» DATA LISTING
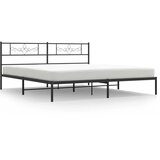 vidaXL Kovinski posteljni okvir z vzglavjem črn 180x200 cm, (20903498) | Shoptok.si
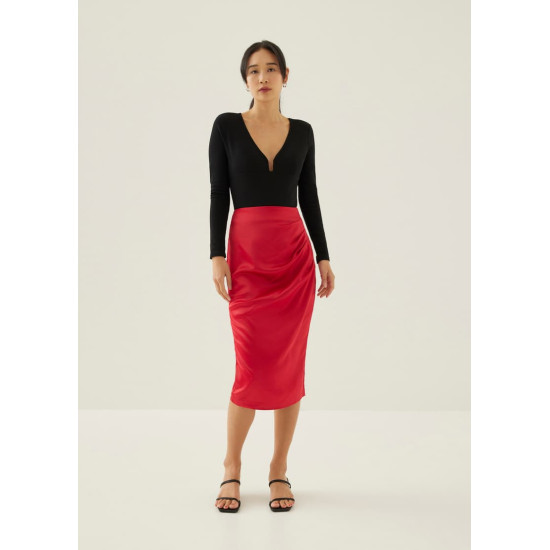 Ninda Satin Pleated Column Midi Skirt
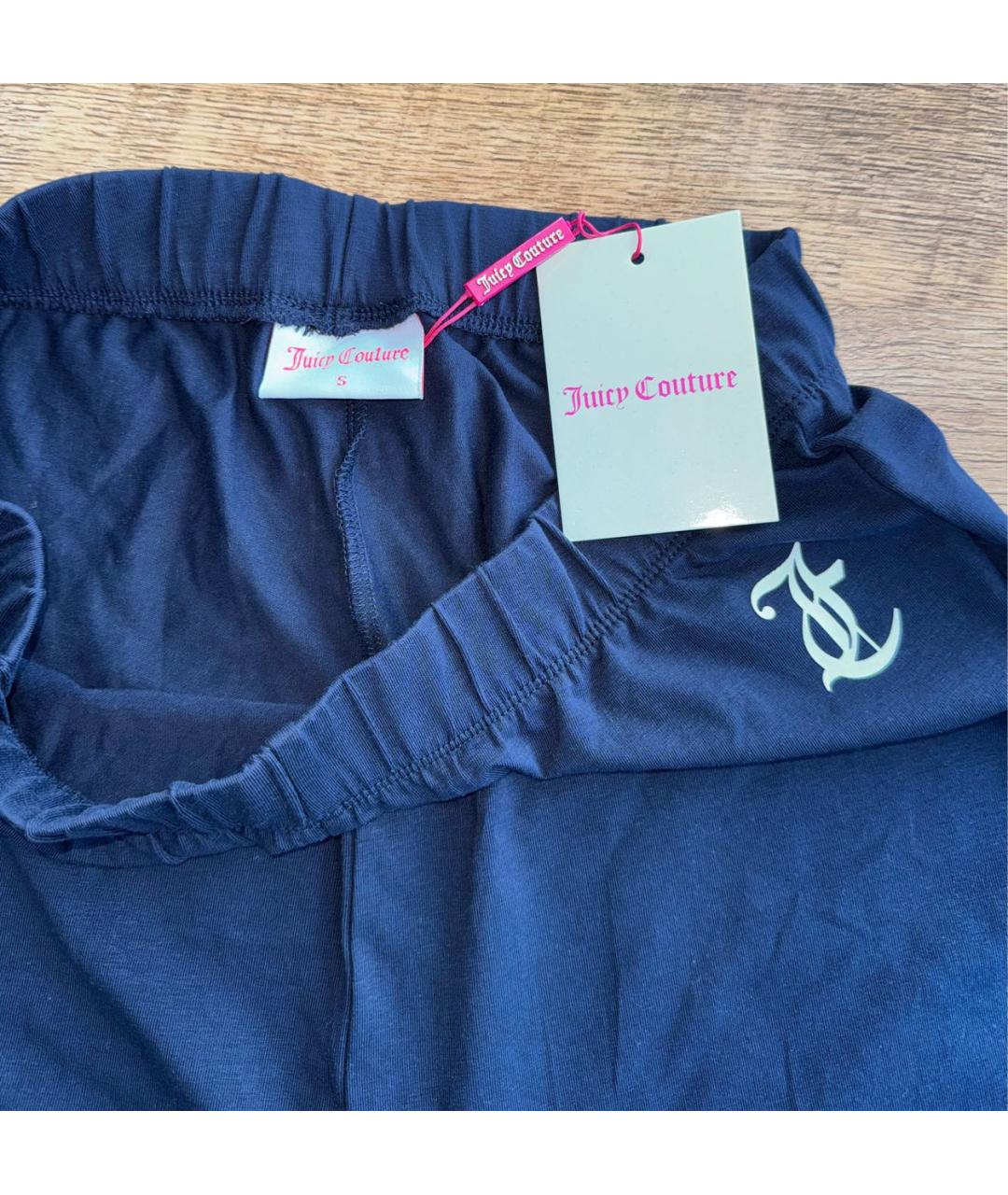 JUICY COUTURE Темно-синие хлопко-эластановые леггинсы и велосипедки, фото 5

==

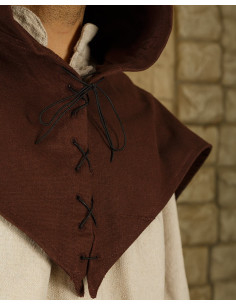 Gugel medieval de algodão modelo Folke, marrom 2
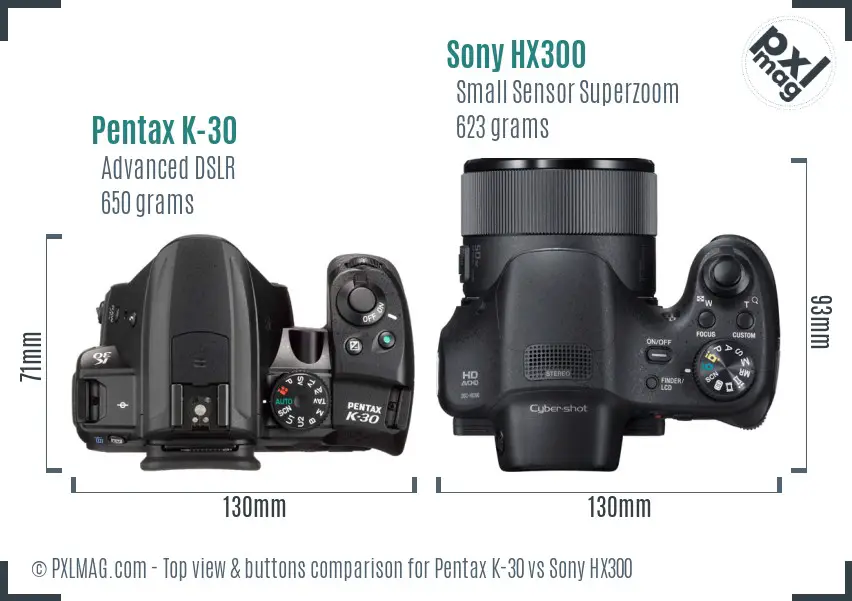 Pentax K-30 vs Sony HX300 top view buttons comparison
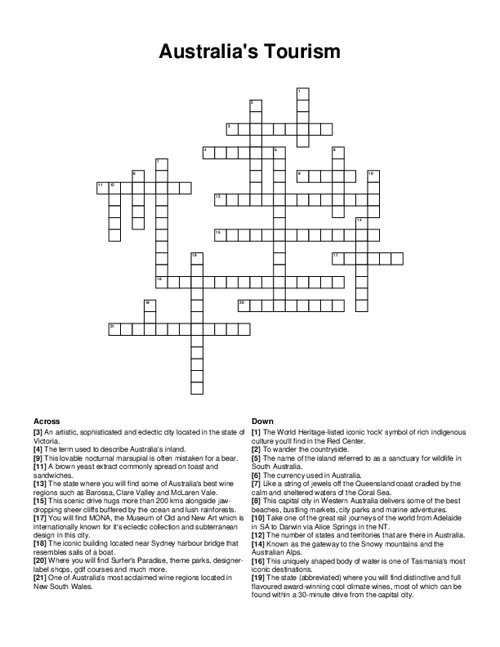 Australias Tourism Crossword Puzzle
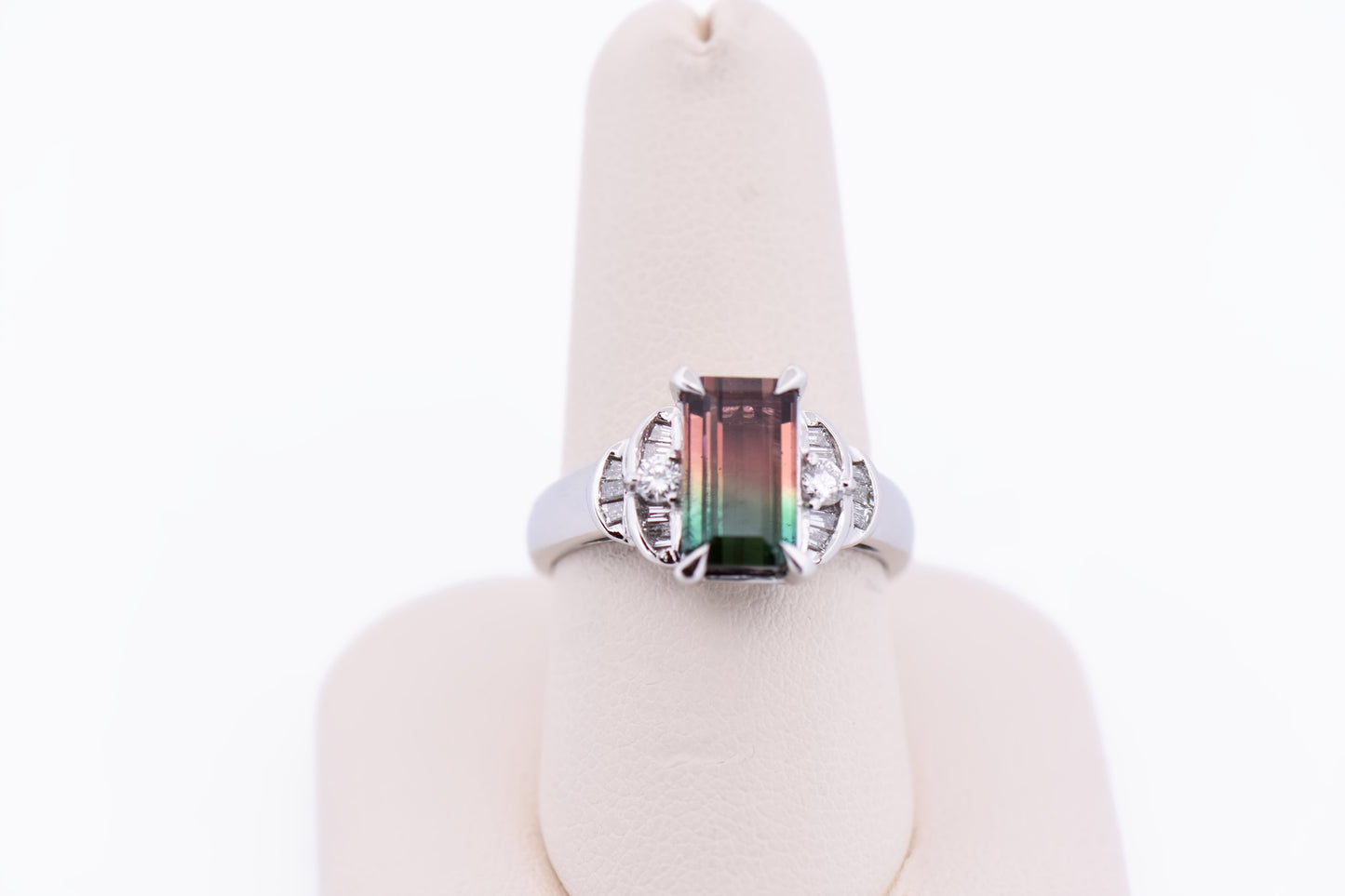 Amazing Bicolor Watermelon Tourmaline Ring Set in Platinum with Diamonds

» WHAT YOU NEED TO DO
What are the lines in the records above, word for word, from the one containing "Gugel medieval de" through the one containing "Amazing Bicolor Watermelon", both ends included and pictures left out?

» THE COMPLETED TASK
 Gugel medieval de algodão modelo Folke, marrom 2
 Pentax K-30 vs Sony HX300 top view buttons comparison
 Australias Tourism Crossword Puzzle
 Amazing Bicolor Watermelon Tourmaline Ring Set in Platinum with Diamonds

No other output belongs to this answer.